(Stored records)
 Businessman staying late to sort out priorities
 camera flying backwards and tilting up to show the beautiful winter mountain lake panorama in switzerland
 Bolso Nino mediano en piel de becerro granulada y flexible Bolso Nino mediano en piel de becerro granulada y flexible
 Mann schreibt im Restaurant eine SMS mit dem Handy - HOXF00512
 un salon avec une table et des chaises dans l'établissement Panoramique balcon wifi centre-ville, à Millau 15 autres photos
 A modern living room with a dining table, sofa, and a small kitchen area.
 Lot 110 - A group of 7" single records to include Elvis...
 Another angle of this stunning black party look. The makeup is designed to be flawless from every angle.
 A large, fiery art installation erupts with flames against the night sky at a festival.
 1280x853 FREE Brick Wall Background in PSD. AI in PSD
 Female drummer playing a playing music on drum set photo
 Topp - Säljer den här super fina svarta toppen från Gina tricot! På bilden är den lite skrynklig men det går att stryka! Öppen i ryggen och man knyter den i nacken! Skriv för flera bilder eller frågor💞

*What you will do*.
Copy all lines from the data above that contain the word "table".

*Result below*.
 un salon avec une table et des chaises dans l'établissement Panoramique balcon wifi centre-ville, à Millau 15 autres photos
 A modern living room with a dining table, sofa, and a small kitchen area.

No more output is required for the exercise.